Provided data:

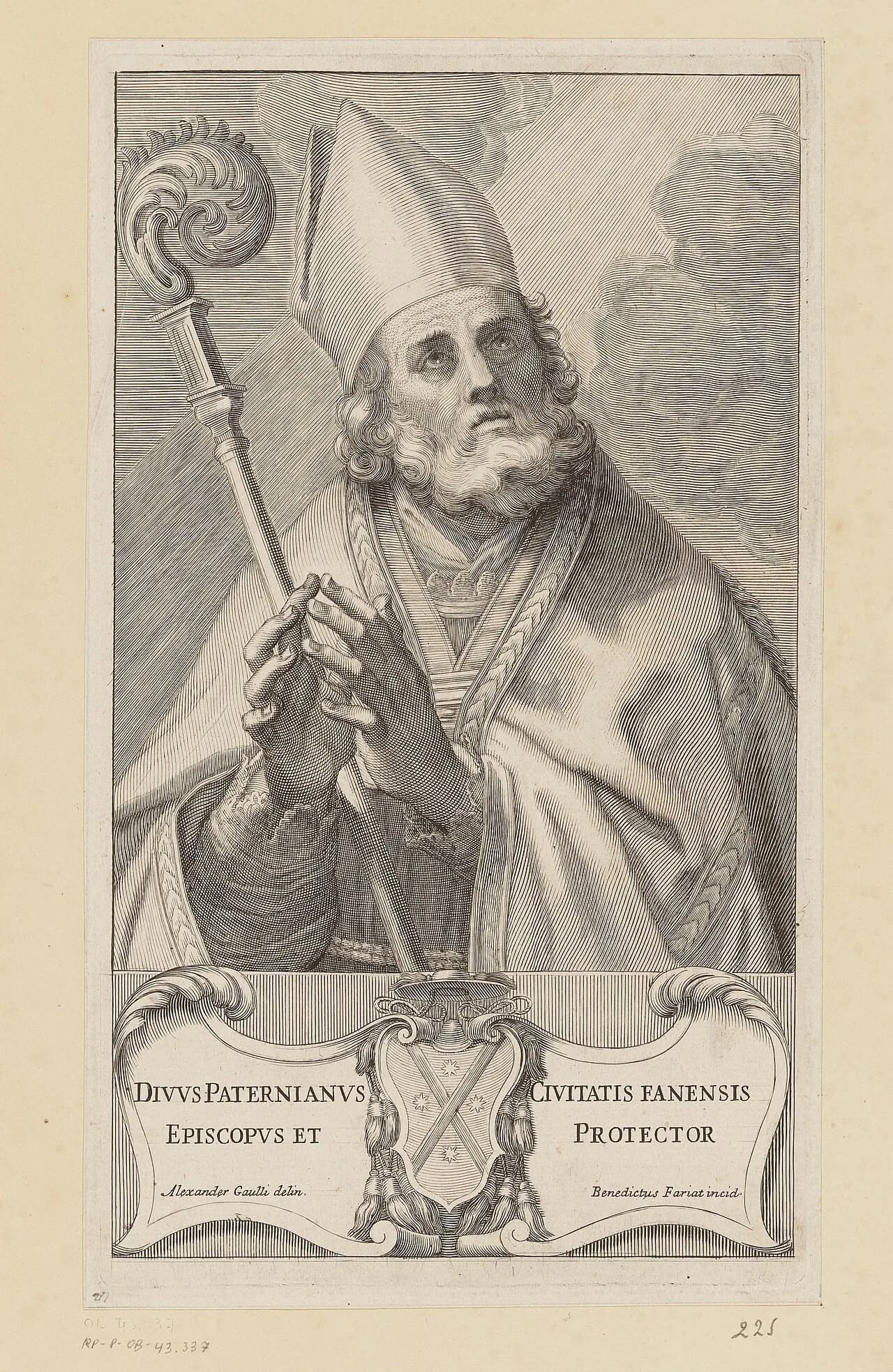 Saint Paternian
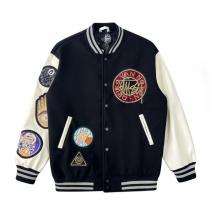 2026限定セール STUSSY コピー ジャケット DRIES VAN NOTEN 刺繍 ロゴ アメカジ ステューシー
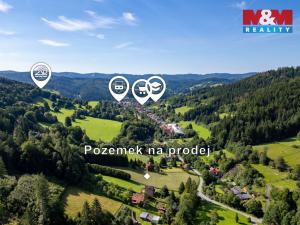 Prodej pozemku pro bydlení, Nový Hrozenkov, 8167 m2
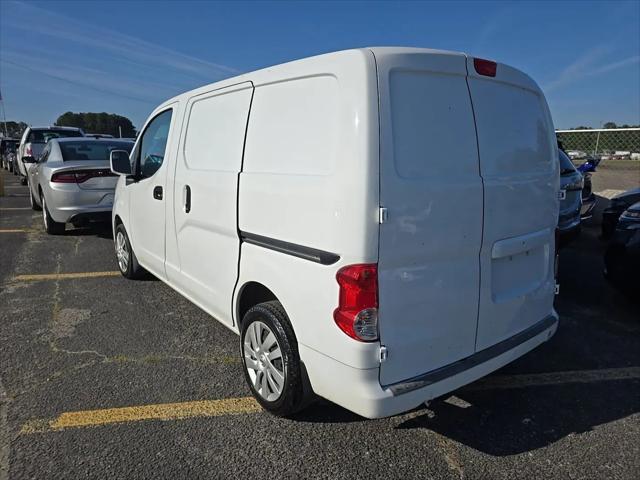 2020 Nissan NV200 Compact Cargo SV Xtronic CVT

Instructions to follow: Return exactly the lines that begin with the one containing "Prodej pozemku pro" and end with the final line of the data above; include no pictures.

Response to this exercise:
 Prodej pozemku pro bydlení, Nový Hrozenkov, 8167 m2
 2020 Nissan NV200 Compact Cargo SV Xtronic CVT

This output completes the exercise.